Repeat exactly the lines that run from the one containing "Black 3/4 Sleeve" to the end of the data, and leave out all others.

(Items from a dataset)
────────

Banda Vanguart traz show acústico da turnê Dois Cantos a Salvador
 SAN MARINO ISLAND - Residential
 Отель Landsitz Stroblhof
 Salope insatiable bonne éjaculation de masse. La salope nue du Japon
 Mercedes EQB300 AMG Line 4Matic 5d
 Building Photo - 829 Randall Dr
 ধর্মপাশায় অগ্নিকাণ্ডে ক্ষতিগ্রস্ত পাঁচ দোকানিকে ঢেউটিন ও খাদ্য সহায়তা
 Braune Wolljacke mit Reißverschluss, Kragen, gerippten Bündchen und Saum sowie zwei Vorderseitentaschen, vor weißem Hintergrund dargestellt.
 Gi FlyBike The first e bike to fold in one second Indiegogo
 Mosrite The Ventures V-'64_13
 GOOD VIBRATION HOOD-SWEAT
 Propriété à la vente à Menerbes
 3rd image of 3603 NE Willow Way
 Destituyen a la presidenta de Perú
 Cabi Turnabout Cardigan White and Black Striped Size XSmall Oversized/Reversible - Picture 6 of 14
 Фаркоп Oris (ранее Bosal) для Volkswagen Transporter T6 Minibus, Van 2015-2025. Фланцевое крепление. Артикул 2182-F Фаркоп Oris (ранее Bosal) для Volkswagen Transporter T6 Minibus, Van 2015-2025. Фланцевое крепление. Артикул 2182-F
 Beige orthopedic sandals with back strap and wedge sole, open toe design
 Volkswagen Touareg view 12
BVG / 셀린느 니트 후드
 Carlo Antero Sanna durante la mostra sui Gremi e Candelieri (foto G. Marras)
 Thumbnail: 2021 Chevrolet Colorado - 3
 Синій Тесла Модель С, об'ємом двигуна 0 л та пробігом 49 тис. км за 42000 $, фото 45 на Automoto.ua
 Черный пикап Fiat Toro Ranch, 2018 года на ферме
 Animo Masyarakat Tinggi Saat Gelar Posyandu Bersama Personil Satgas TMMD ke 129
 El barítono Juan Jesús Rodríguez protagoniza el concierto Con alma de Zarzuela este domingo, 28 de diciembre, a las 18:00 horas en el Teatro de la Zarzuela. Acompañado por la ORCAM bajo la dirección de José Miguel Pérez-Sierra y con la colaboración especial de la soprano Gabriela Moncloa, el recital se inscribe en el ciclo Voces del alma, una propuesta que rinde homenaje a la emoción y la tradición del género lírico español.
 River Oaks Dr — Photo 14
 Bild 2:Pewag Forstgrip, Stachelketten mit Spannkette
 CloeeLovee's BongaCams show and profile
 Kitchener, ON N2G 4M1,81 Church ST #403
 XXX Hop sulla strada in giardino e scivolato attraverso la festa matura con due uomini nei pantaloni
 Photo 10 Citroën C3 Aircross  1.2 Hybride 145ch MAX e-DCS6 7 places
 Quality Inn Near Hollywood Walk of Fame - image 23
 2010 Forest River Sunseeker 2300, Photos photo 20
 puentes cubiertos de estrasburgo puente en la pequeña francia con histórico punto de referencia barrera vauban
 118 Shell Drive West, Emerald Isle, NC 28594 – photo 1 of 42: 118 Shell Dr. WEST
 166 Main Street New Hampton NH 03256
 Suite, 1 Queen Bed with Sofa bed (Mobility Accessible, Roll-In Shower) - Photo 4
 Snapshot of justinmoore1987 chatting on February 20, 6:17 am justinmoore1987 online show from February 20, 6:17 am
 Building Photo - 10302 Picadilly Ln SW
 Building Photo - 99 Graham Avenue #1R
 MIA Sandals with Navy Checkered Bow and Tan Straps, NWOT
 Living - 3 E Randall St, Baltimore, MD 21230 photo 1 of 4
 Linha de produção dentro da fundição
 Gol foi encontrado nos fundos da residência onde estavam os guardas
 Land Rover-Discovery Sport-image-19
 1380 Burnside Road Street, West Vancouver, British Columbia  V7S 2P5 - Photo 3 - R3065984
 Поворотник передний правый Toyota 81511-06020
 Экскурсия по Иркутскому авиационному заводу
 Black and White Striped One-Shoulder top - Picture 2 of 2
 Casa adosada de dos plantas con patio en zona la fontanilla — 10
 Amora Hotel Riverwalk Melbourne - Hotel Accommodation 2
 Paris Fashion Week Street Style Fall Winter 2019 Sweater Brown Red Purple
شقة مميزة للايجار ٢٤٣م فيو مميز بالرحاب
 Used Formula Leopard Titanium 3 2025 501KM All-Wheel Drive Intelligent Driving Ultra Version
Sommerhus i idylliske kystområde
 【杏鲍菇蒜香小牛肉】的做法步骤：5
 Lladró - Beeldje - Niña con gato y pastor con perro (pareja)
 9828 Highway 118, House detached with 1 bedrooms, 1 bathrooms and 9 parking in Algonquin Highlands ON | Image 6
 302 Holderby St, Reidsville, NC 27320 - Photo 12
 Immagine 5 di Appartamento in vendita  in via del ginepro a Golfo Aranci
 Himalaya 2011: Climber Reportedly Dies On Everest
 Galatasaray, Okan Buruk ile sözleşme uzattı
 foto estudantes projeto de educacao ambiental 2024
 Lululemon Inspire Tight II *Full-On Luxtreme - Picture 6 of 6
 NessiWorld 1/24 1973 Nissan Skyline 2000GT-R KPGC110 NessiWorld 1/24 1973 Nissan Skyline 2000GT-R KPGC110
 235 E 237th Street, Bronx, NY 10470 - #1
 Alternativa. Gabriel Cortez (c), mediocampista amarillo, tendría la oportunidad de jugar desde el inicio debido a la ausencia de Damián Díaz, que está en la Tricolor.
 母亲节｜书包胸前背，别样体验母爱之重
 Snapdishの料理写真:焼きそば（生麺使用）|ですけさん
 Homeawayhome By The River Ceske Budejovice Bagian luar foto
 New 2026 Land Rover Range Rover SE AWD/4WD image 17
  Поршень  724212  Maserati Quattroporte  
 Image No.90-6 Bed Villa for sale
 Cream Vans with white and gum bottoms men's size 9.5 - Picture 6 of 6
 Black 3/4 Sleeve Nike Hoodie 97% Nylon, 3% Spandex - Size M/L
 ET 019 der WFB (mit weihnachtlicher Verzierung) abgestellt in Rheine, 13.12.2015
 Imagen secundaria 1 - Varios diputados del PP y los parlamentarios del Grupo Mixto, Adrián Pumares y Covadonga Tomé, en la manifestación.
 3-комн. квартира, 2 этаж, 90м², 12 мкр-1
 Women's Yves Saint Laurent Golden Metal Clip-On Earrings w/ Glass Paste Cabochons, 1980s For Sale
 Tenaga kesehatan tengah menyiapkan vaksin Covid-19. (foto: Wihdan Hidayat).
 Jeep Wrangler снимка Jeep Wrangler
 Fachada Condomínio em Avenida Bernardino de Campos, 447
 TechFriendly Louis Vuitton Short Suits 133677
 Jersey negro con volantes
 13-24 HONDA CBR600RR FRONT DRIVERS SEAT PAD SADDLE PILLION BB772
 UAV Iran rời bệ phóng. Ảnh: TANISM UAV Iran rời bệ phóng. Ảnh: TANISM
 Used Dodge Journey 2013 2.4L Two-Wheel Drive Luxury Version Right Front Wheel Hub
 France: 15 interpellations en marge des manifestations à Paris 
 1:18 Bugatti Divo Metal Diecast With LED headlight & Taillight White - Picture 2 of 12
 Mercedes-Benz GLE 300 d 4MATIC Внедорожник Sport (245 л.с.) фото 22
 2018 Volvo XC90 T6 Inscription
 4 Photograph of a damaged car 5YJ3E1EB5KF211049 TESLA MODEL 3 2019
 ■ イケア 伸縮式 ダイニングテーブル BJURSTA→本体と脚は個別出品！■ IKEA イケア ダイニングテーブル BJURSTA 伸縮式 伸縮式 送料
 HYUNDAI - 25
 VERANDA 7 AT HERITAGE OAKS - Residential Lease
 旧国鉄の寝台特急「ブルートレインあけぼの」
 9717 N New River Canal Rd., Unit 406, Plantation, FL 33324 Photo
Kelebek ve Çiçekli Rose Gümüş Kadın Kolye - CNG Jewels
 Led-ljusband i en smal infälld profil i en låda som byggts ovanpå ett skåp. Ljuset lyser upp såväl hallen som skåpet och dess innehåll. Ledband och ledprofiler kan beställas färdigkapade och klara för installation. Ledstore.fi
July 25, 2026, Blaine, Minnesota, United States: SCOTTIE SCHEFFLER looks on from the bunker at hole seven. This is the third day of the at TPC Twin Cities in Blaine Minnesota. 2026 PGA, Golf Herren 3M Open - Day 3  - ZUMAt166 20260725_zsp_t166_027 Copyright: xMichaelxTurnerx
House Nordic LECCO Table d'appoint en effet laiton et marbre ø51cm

────────

**RESPONSE AREA:**
 Black 3/4 Sleeve Nike Hoodie 97% Nylon, 3% Spandex - Size M/L
 ET 019 der WFB (mit weihnachtlicher Verzierung) abgestellt in Rheine, 13.12.2015
 Imagen secundaria 1 - Varios diputados del PP y los parlamentarios del Grupo Mixto, Adrián Pumares y Covadonga Tomé, en la manifestación.
 3-комн. квартира, 2 этаж, 90м², 12 мкр-1
 Women's Yves Saint Laurent Golden Metal Clip-On Earrings w/ Glass Paste Cabochons, 1980s For Sale
 Tenaga kesehatan tengah menyiapkan vaksin Covid-19. (foto: Wihdan Hidayat).
 Jeep Wrangler снимка Jeep Wrangler
 Fachada Condomínio em Avenida Bernardino de Campos, 447
 TechFriendly Louis Vuitton Short Suits 133677
 Jersey negro con volantes
 13-24 HONDA CBR600RR FRONT DRIVERS SEAT PAD SADDLE PILLION BB772
 UAV Iran rời bệ phóng. Ảnh: TANISM UAV Iran rời bệ phóng. Ảnh: TANISM
 Used Dodge Journey 2013 2.4L Two-Wheel Drive Luxury Version Right Front Wheel Hub
 France: 15 interpellations en marge des manifestations à Paris 
 1:18 Bugatti Divo Metal Diecast With LED headlight & Taillight White - Picture 2 of 12
 Mercedes-Benz GLE 300 d 4MATIC Внедорожник Sport (245 л.с.) фото 22
 2018 Volvo XC90 T6 Inscription
 4 Photograph of a damaged car 5YJ3E1EB5KF211049 TESLA MODEL 3 2019
 ■ イケア 伸縮式 ダイニングテーブル BJURSTA→本体と脚は個別出品！■ IKEA イケア ダイニングテーブル BJURSTA 伸縮式 伸縮式 送料
 HYUNDAI - 25
 VERANDA 7 AT HERITAGE OAKS - Residential Lease
 旧国鉄の寝台特急「ブルートレインあけぼの」
 9717 N New River Canal Rd., Unit 406, Plantation, FL 33324 Photo
Kelebek ve Çiçekli Rose Gümüş Kadın Kolye - CNG Jewels
 Led-ljusband i en smal infälld profil i en låda som byggts ovanpå ett skåp. Ljuset lyser upp såväl hallen som skåpet och dess innehåll. Ledband och ledprofiler kan beställas färdigkapade och klara för installation. Ledstore.fi
July 25, 2026, Blaine, Minnesota, United States: SCOTTIE SCHEFFLER looks on from the bunker at hole seven. This is the third day of the at TPC Twin Cities in Blaine Minnesota. 2026 PGA, Golf Herren 3M Open - Day 3  - ZUMAt166 20260725_zsp_t166_027 Copyright: xMichaelxTurnerx
House Nordic LECCO Table d'appoint en effet laiton et marbre ø51cm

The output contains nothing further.